PRETORIA – Angola’s economic growth prospects are on the rise as higher oil prices and sounder policies under President Joao Lourenco bring greater stability to Africa’s second biggest crude exporter, the International Monetary Fund said on Friday.
Angola’s economy is expected to expand by 2.25 percent this year from 1 percent in 2017 and growth should reach 5 percent in the medium-term, Ricardo Velloso, IMF division chief for Africa, told reporters in Luanda.
Since coming to power in September, Lourenco has vowed to revive sub-Saharan Africa’s third largest economy, attract investment and combat the endemic corruption that plagued the 38 year rule of his predecessor Jose Eduardo dos Santos.
Velloso said Lourenco’s government had already supported the economy by devaluing the kwanza currency, promising to reduce debt and restructuring state oil company Sonangol.

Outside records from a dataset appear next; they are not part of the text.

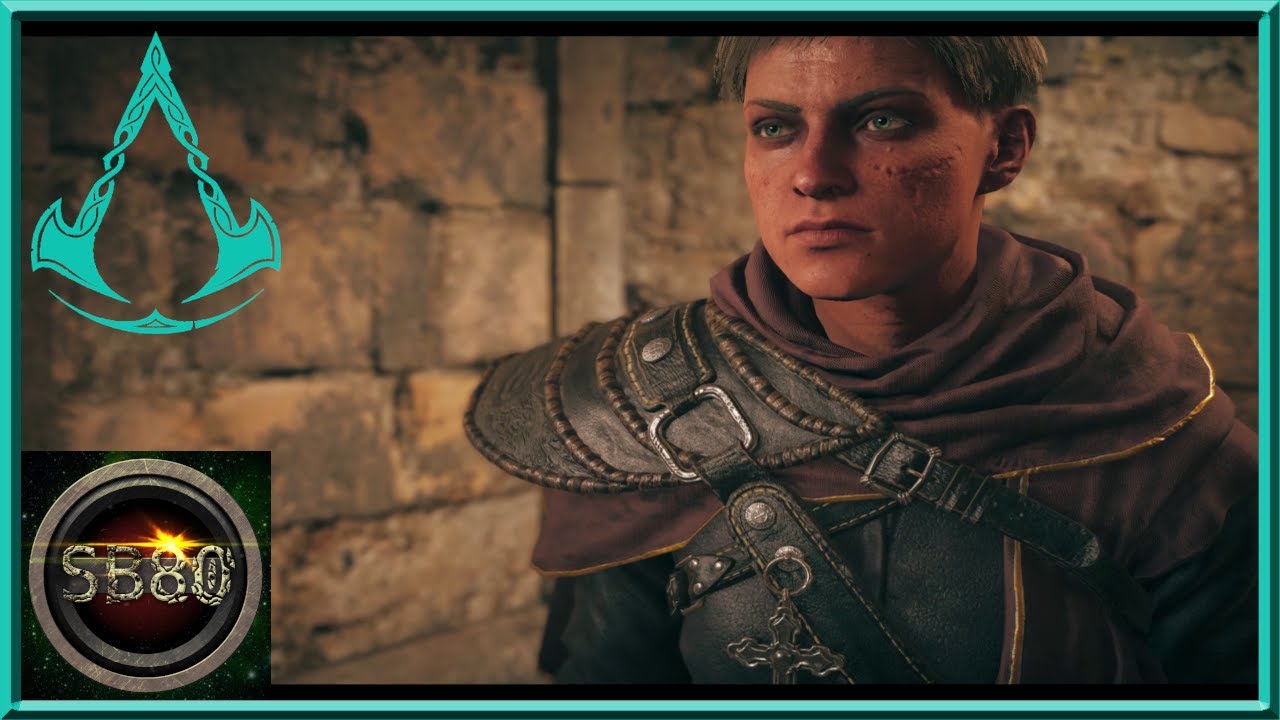 Ac Valhalla Pilgerreise Nach Sankt Albans Assassin's Creed Valhalla #66 - Pilgerreise nach Sankt Albans - YouTube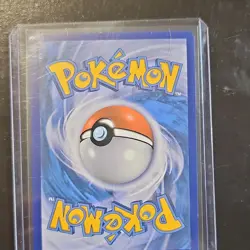 Pokemon TCG Victini XY117 XY Holo Promo EN 70 HP Basic 2016 Pokemon Co. - Image 4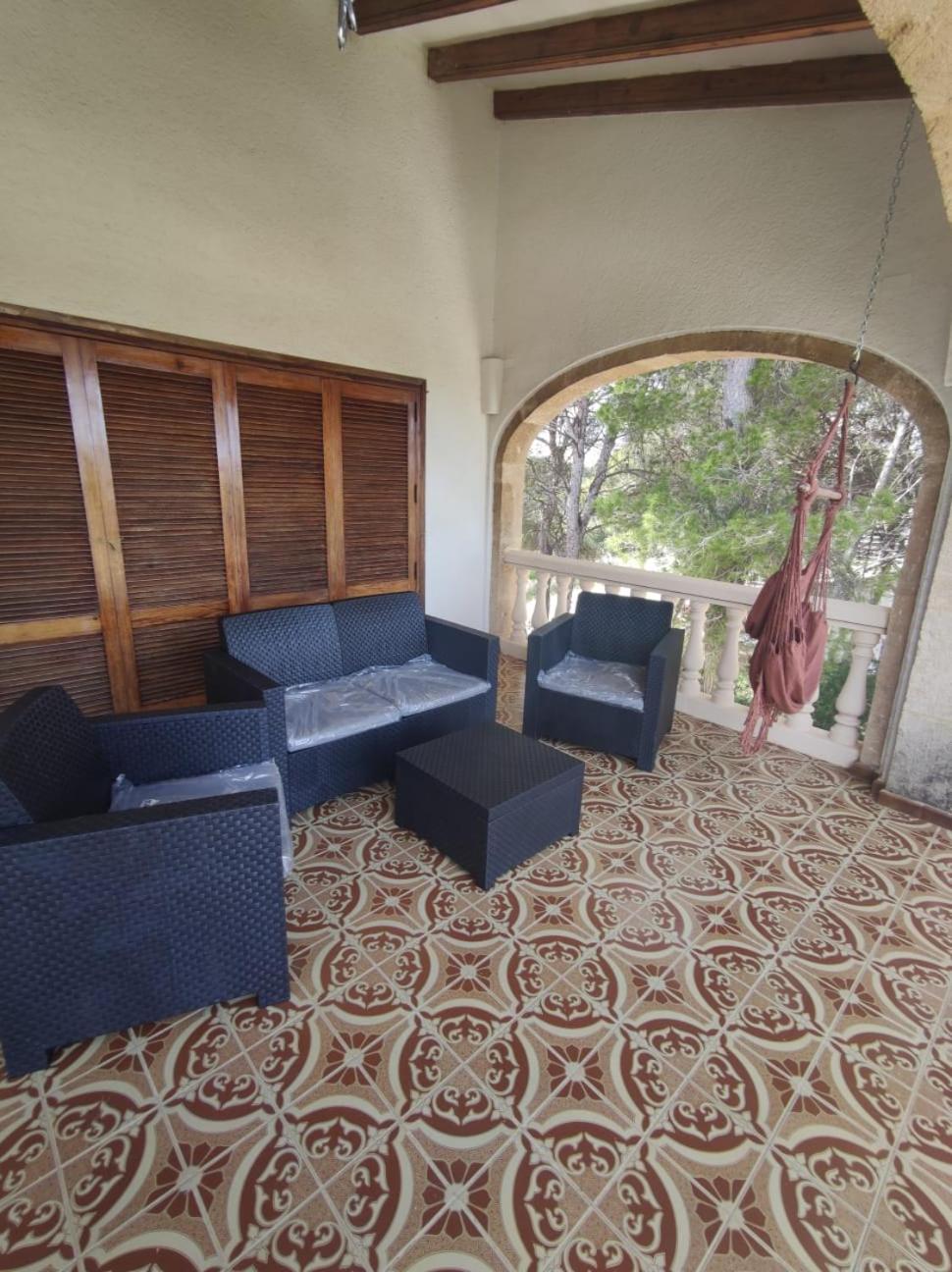 CASA DEL PLATAN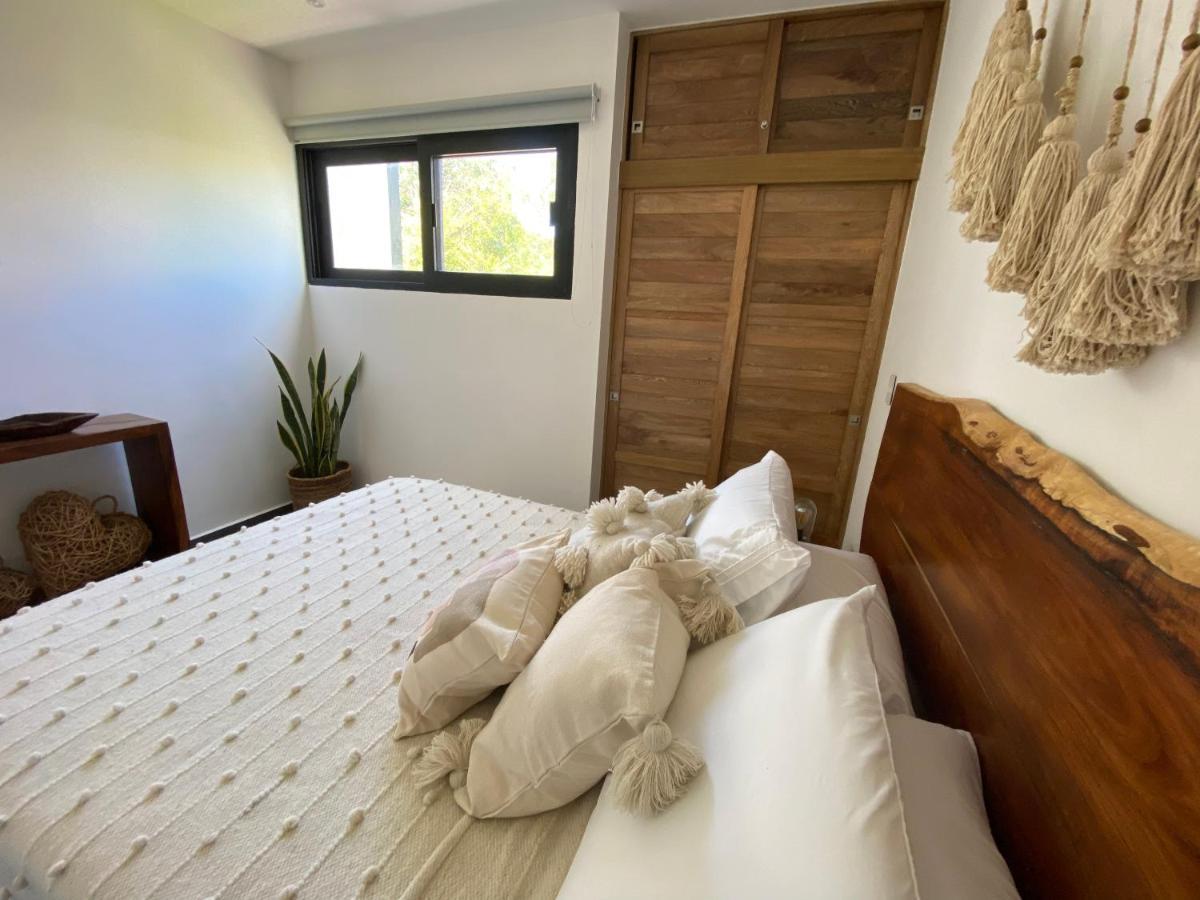 Casa Kuaan Mani Th 1 Villa Tulum Dış mekan fotoğraf
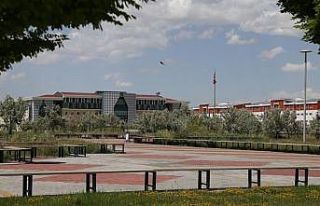 ASÜ 10 alanda “SIR 2022” listesinde yer aldı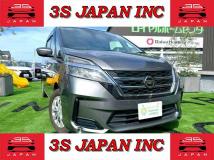 2020 Nissan Serena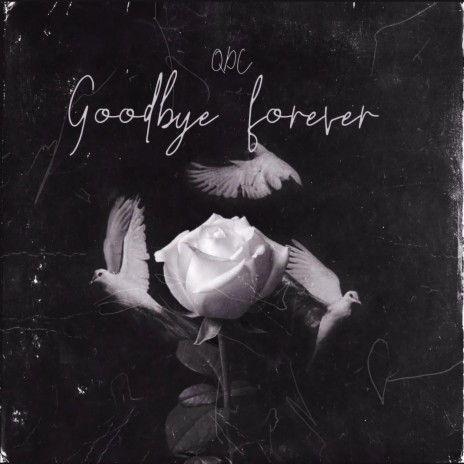 Goodbye forever | Boomplay Music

He also said higher oil prices had helped.
“The Angolan economy is experiencing a mild recovery. The new administration is rightly focusing on restoring macroeconomic stability and improving governance,” Velloso said.
“Over the medium term, the outlook is for continued gradual recovery in economic activity but there are risks, including a decline in oil prices and slippages in implementation of the structural reforms to promote economic diversification.”

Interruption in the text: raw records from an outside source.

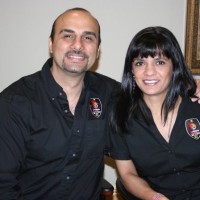 Shashi Vaswani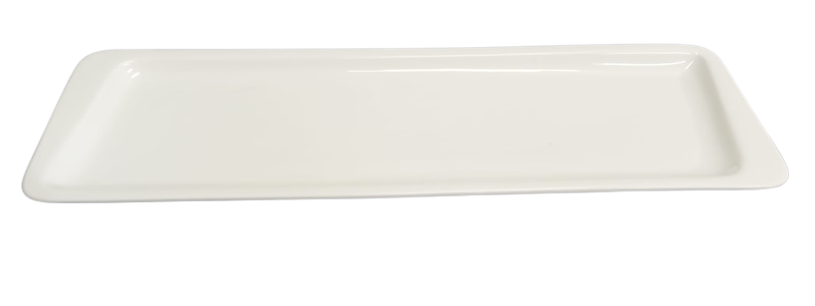 BANDEJA RECTANGULAR 16.4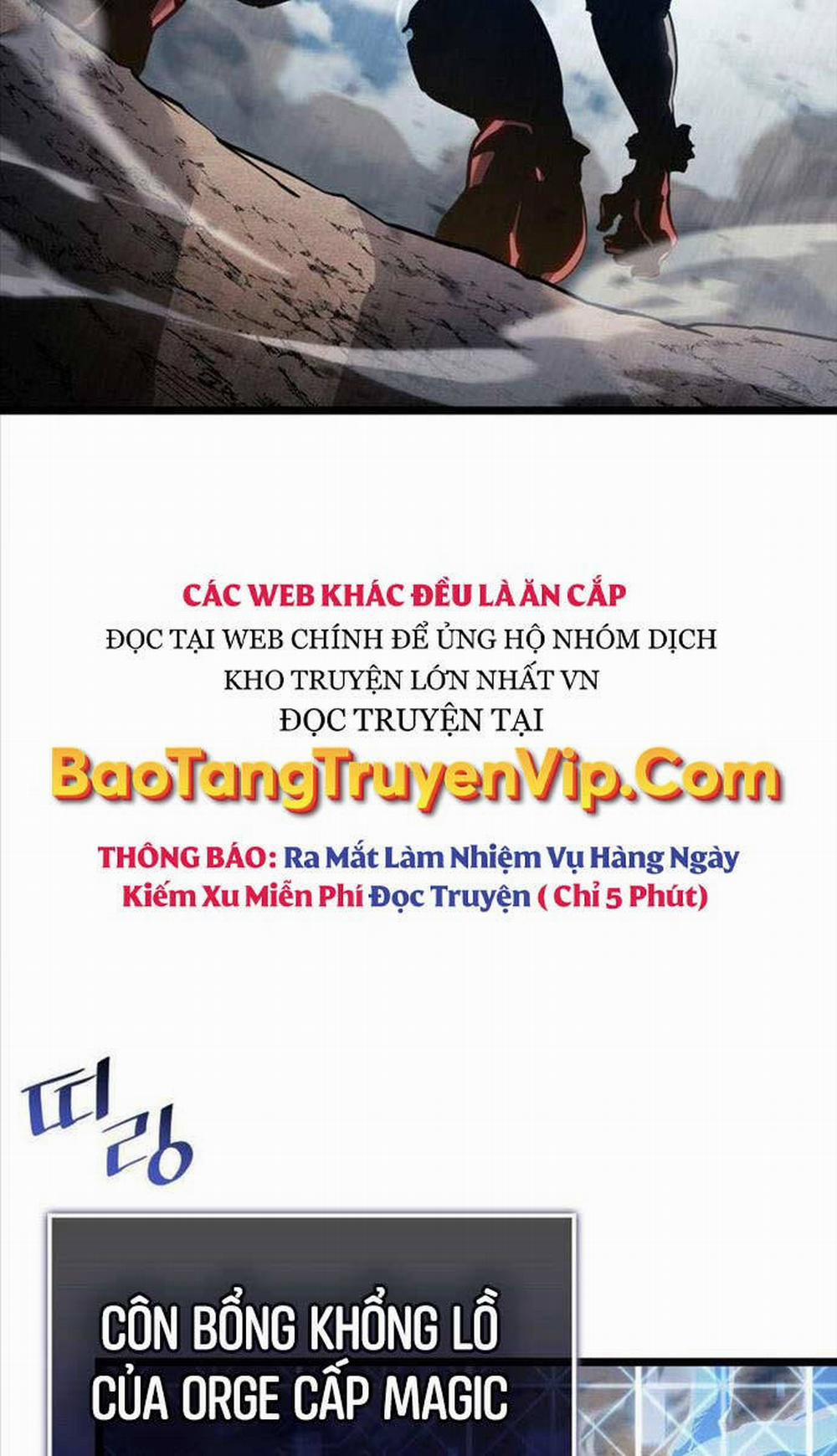 manhwax10.com - Truyện Manhwa Sự Trở Lại Của Người Chơi Cấp Sss Chương 94 Trang 30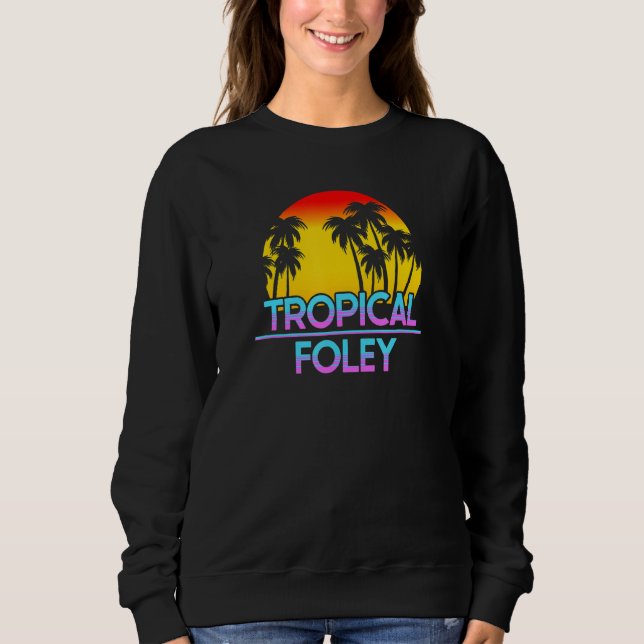 Moletom Foley Minnesota Funny Ironic Weather 1 (Frente)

The IMF does not think a bailout is necessary despite Angola’s heavy debt burden and high inflation, saying Lourenco’s reform plans and a buoyant global debt market should help stabilise public finances, Velloso said.
The IMF supports the Angolan government’s policy of extending maturities on debt rather than restructuring, he said.
“With the higher oil price and decent access to external financing for frontier and emerging markets there isn’t a need for IMF financing for Angola,” Velloso said in response to a question about a possible bailout.
“Obviously if we receive a request we will analyse it with care like with any member country of the IMF.”
Inflation was expected to reach 24.75 percent year-on-year by the end of the year compared to 22.72 percent in January, the IMF predicts.